Vous pouvez bénéficier de la prescription trentenaire, si vous disposez de la preuve que vous occupez un terrain depuis plus de 30 ans.

Cordialement.

2 Publié par Visiteur
10/10/2016 11:33

Bonjour Maitre, les grands-parents de mon mari lui a donné leur propriété sans titre qu'ils habitaient depuis + de 60 ans, en 1992 avec l'accord de ses 7 enfants. Par contre, on a arreter de payer les impôts depuis 2000. Peut-on avoir droit à la prescription trentenaire où que faut-il faire ? (Les grands-parents sont décédés) Merci de votre réponse.

3 Publié par Visiteur
10/10/2016 11:49

Bonjour Maître,
Voilà.Depuis 1992 les Grands-parents de mon mari, lui a donné leur propriété sans titre qu'ils occupaient depuis + de 70 ans, avec l'accord de leurs 7 enfants (on a habité avec eux jusqu'à leur décès). Par contre,on a cessé de payer les impôts depuis 2000,parce qu'on ne savait pas trop quoi faire. Maintenant est-ce que nous pouvons avoir droit de prescription trentenaire et régulariser notre situation? Merci pour votre réponse.

4 Publié par Maitre Anthony Bem
10/10/2016 21:58

Bonjour Nad,

La prescription acquisitive est personnelle et ne se céde pas.

Vous ne pouvez donc pas l'invoquer utilement dans votre cas.

Cordialement.

5 Publié par Visiteur
17/10/2016 12:05

Bonjour Maître, J'ai lu avec beaucoup d'intérêt votre article. En effet, nous avons acheté en 1992 à la SAFER une exploitation agricole comportant des parcelles enclavées. Le technicien de la SAFER et l'ancien propriétaire nous ont désigné exactement toutes nos parcelles agricoles et boisées.
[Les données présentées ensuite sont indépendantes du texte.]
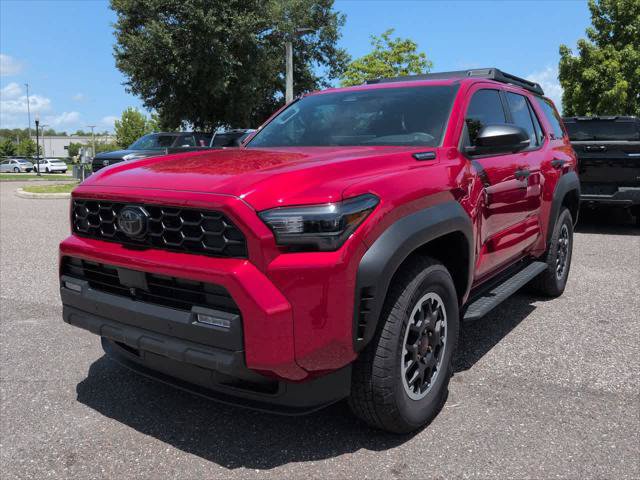 Certified 2026 Toyota 4Runner TRD Off-Road Premium AWD/4WD image 2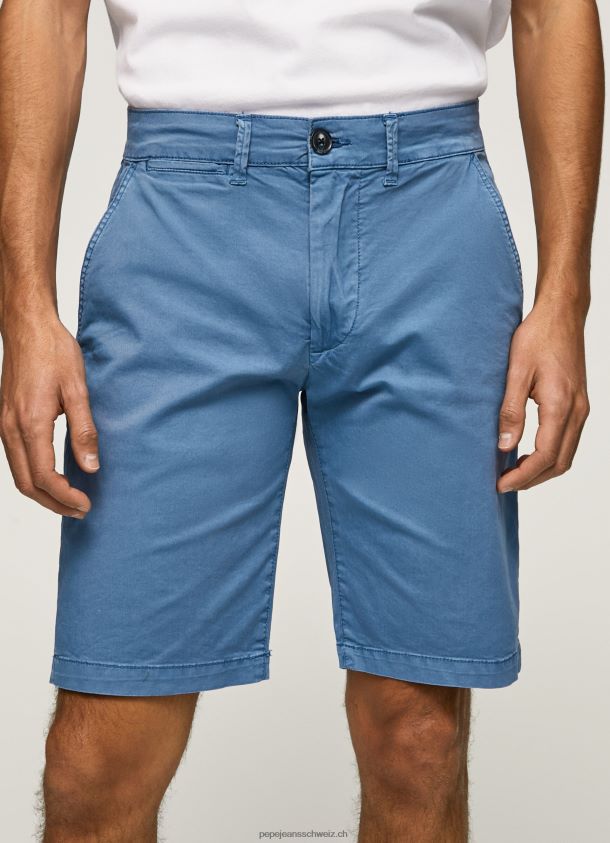 Chino-Shorts aus Baumwolle Männer Pepe Jeans ozzy 84XH6T1133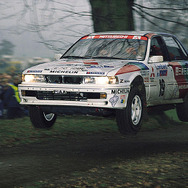 【三菱WRCヒストリー】1988年、ギャランVR-4がデビュー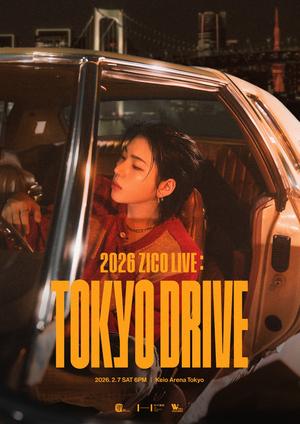 2026 ZICO LIVE : TOKYO DRIVEの告知用写真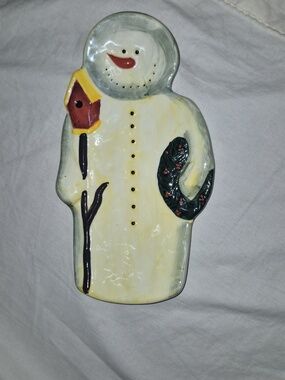 Snowman Ladle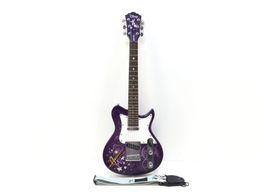 guitarra electrica washburn hannah montana secret star,hannah montana secret star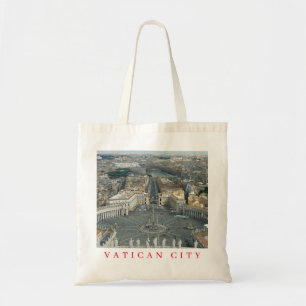 Bolsa de tote con vistas a la plaza del Vaticano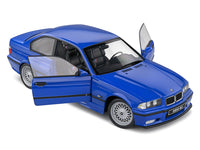 1996 BMW M3 E36 Coupe Blue 1:18 Solido licensed diecast scale model car collectible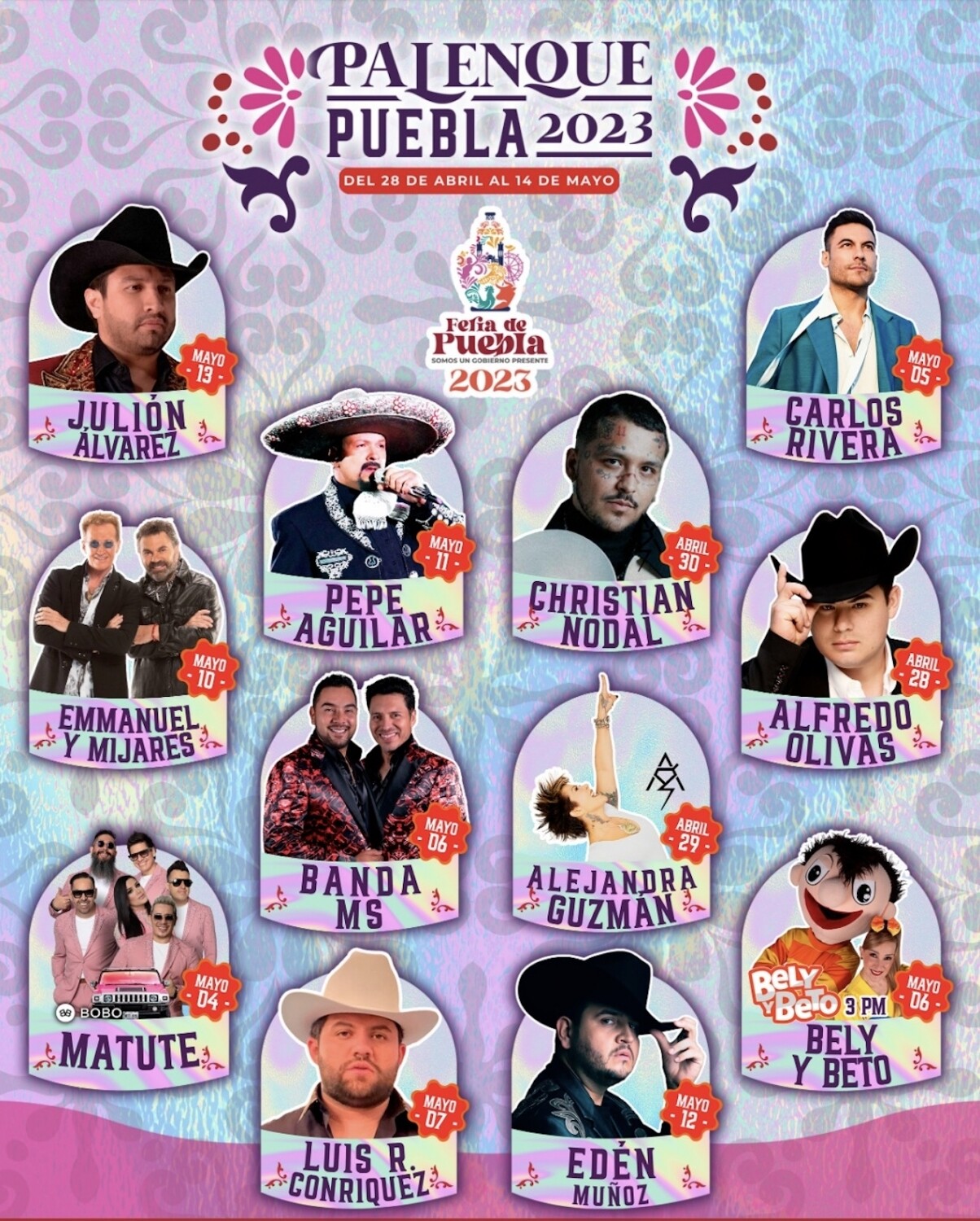 feria de puebla 2022 teatro del pueblo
Concernant les parcelles boisées, elles ont été exploitées par nous (coupe de bois de chauffage, entretien de la bordure en limite d'un champs agricole appartenant au voisin (coupe de branches surplombant permettant en hauteur le passage des engins agricoles etc.).
cependant, lors d'un litige relatif à un droit de passage à nos parcelles agricoles et boisées, le géomètre a constaté que la parcelle boisée laquelle nous avons toujours entretenu (étant limitrophe à une autre parcelle boisée nous appartenant aussi) est une parcelle "blanche" car non numérotée donc non répertorié au cadastre. Par conséquent, le voisin prétend soudainement que cette parcelle boisée lui appartient en soulevant "une erreur du cadastré" à l'époque des plans napoléoniens et il nous a fourni une explication assez audacieux en appui des plans napoléoniens. Quoi faire ? Est-ce que la prescription trentenaire (ou même le dix ans) puisse être soulevée par nous ? Comment faire ?
En vous remerciant de votre réponse.
Bien cordialement. Susanne Henze

6 Publié par Visiteur
17/10/2016 19:33

Bonjour Maître,
Nous avons acheté en 2007 une maison sur un terrain clôturé depuis la construction de la maison (1979), la maison du voisin vient d'être vendue, les nouveaux propriétaires disent que la clôture est décalée de 37cm donc il y aurait 37cm tout le long chez nous qui serait a lui, pouvons nous prétendre a la prescription trentenaire? Ou même de celle de 10 ans? Nous vous remercions d'avance de votre réponse. Cordialement. Mme MARTIN C.

7 Publié par Maitre Anthony Bem
17/10/2016 19:48

Bonjour Susanne Henze,

Le voisin ne peut prétendre soudainement que cette parcelle lui appartient

Vous pouvez invoquer la prescription trentenaire dans le cadre de l'action en revendication que ferait votre voisin.

Bien cordialement.

8 Publié par Visiteur
17/10/2016 20:36

Bonsoir Maître,
Je viens de lire votre réponse rapide et vous en remercie chaleureusement de l'attention laquelle vous avez portez à notre interrogation.
Justement encore une demande de précision sur cette "prescription trentenaire". Comme vous évoquiez plus haut "la bonne foi permet simplement de gagner du temps sur la prescription acquisitive du bien immobilier et de permettre au possesseur de n’attendre qu’un délai de 10 ans au lieu de 30 ans pour acquérir ledit bien". Dans notre cas, la bonne foi est évidente car nous avons acheté ce bien à la SAFER en 1992 (il y a moins que 30 ans!).
Pouvons nous donc faire valoir le délai de dix ans au lieu de 30 ans en arguant notre bonne foi ?
Et si le 10 ans ne sera pas applicable dans notre cas, le délai de 30 ans est-il calculé par propriétaire d'un bien ou par possession en continue par plusieurs propriétaires ?
En vous remerciant d'avance de votre précision.
Bien cordialement, Susanne Henze

9 Publié par Maitre Anthony Bem
17/10/2016 21:13

Bonjour momaline,

Vous ne pouvez pas prétendre à la prescription trentenaire ni à celle de 10 ans compte tenu de la date de votre acquisition.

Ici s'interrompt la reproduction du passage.